The coastline area of Pakistan stretches over 1046 km from Gwadar bay to Sir Creek, providing a fishing zone of 240,000 square kilometers. Meanwhile, inland fisheries represent great potential especially in waterlogged zones spread over 50 million hectares in streams. The marine fisheries play an important role in Pakistan's economy being multimillion export sector. During the year 2010, Pakistan exported seafood products worth $300 million, mainly to China and other Far Eastern countries (Parihar, 2011). In view of this, a great interest has been increased for possible utilisation of fisheries by-products and processed left-over as a promising resource for their valuable protein, sugars and mineral contents, instead of an unacceptable hazardous waste problem (Diaz-Visurraga et al, 2010; Kim and Mendis, 2006). In order to tackle this growing environmental issue, an increased focus is being given to isolate value-added materials like chitin and its useful derivative chitosan from waste (Du et al., 2009; 2008).
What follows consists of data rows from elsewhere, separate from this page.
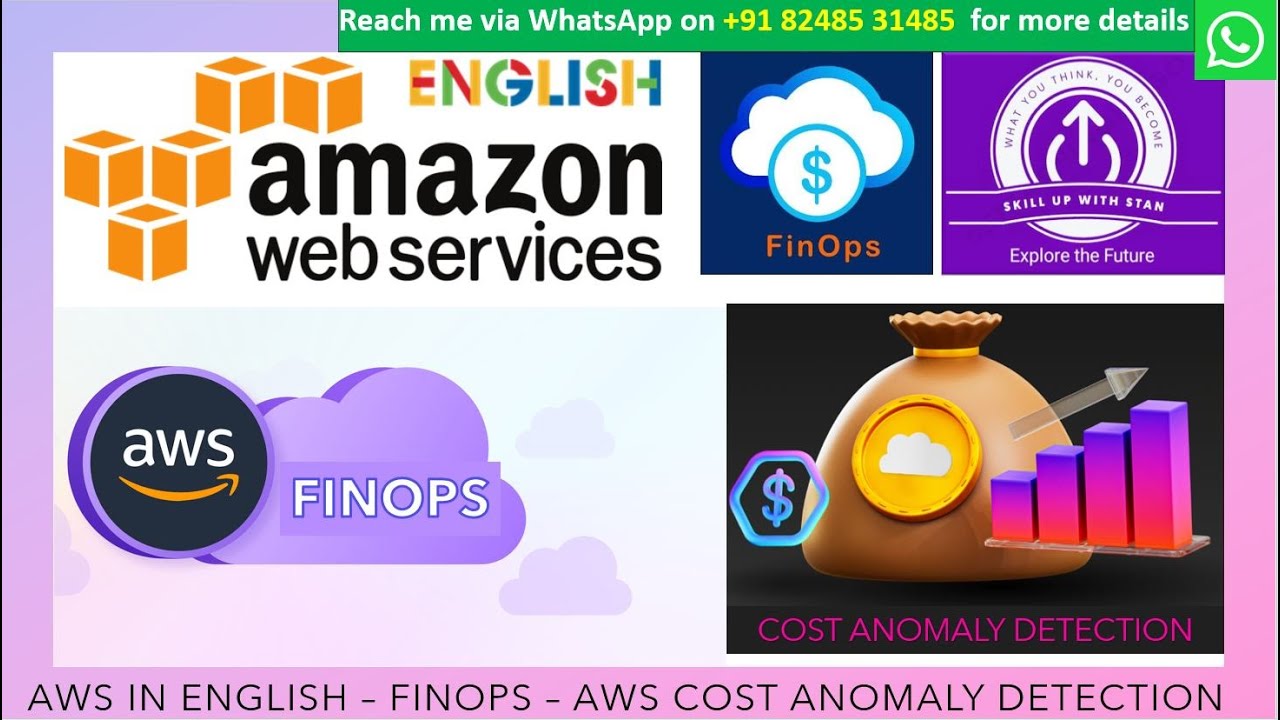 AWS in ENGLISH - COST OPTIMIZATION - COST ANOMALY DETECTION - YouTube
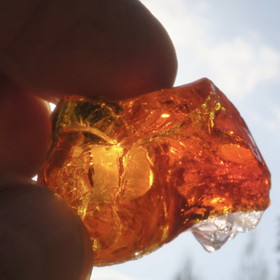 Raakalasi 22g punaoranssi liukuväri nro50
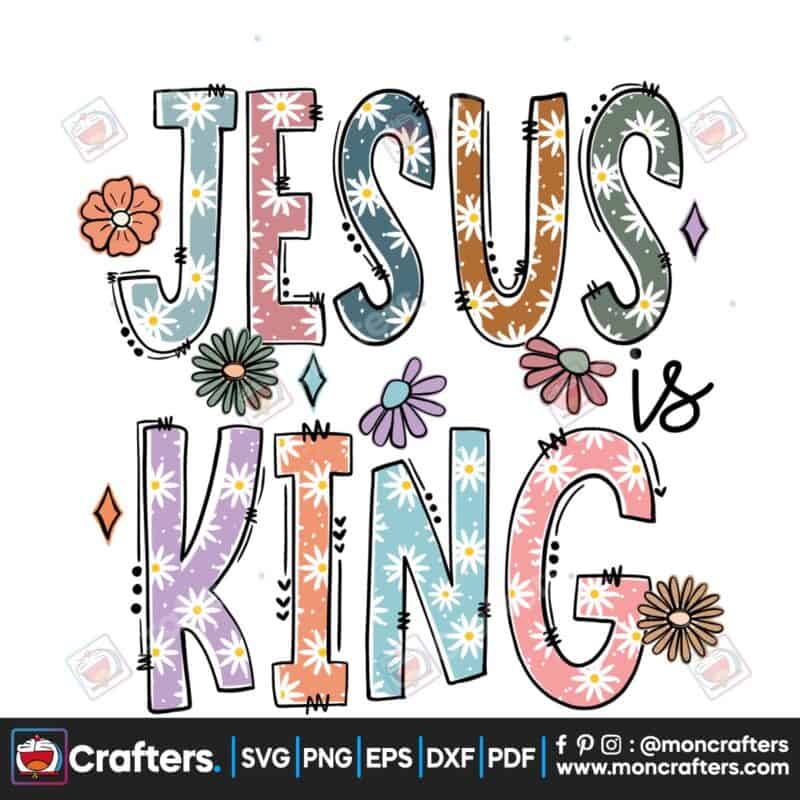 jesus-quote-daisy-flower-letter-doodle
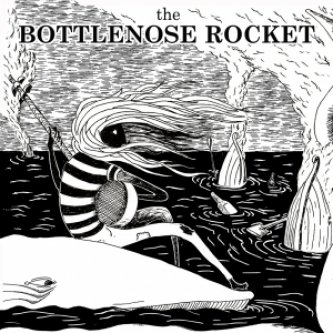 Copertina dell'album White Sun Black Waves, di The Bottlenose Rocket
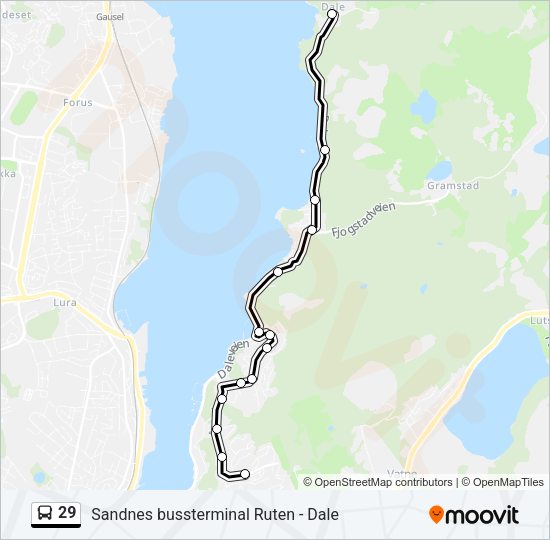 29 Bus Line Map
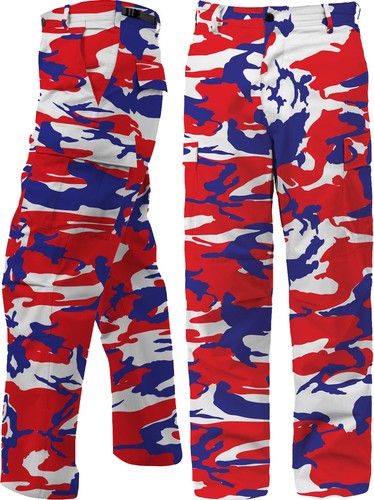 Pantalone bdu rosso - pantalone, blu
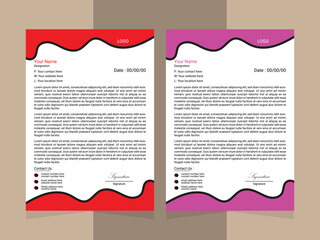 modern design template Letterhead Design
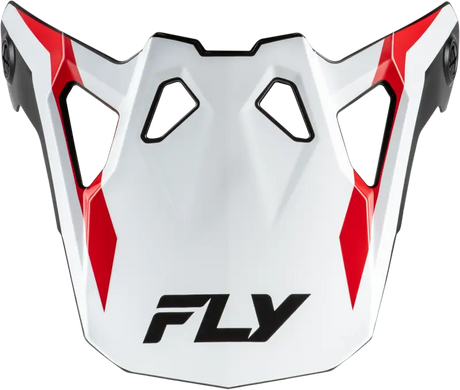Formula Cp Seal Visor White/Black/Red Yl Lg - FLY RACING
Chitosan is one of the biodegradable, nontoxic, environmental friendly and natural polymer extracted from different types of mollusks, insects, marine diatoms, algae, fungi, yeasts, shrimps, crabs, and other crustacean species at industrial scale (Kurita, 2006; Tharanathan and Kittur, 2003; Yanga et al., 2000). Insoluble chitin is converted into a soluble derivative, chitosan after chemical treatment (Iqbal et al., 2005).

These natural polymers encompass the intrinsic properties as an effective colour absorbent because commercial polymers and ion exchange resins are of Petroleum based materials, which are not environment-friendly. In recent years, an interest for natural and low cost polymers is increasing day by day as recent investigations have approved an effective role of chitin and chitosan in various fields of biotechnology, chemistry, environmental safety, medicine, food processing, paper, textile production, cosmetics, agriculture and wastewater treatment (Alves and Mano, 2008). Chitosan is used as flocculant, coagulant and antimicrobial due to chelating properties and adsorbs the colour and heavy metals of effluents (Zaku et al., 2011; Zeng et al., 2008).

In order to surmount the complexity connected to wastewater containing dyes, resistant to aerobic digestion is necessary to remove the colour from industrial effluents. The adsorption of dyes by chitosan is an effective and economic method for water decontamination and reuse for irrigation purposes.

The objectives of the present study was to isolate chitosan from indigenous fishery crustacean waste (shrimp head shell, crab leg shells, crab claw shells, and crab carapace), to compare its physicochemical and functional characteristics.

Materials and Methods

Raw material collection and sample preparation. Two local crustaceans white jinga shrimp (Gadus morhua) maximum length of 15 cm and blue swimming crab (Portunus pelagius) 20 cm long male and 15 cm female were collected from Arabian Sea, Karachi coastal area and used to extract chitin. The flesh/meat was separated from waste. In case of white shrimps only head shell was taken and for blue crab (male + female) further segregation into shells of legs, claws and carapaces was done to get four different raw materials (Fig. 1a-f) to isolate chitin and chitosan.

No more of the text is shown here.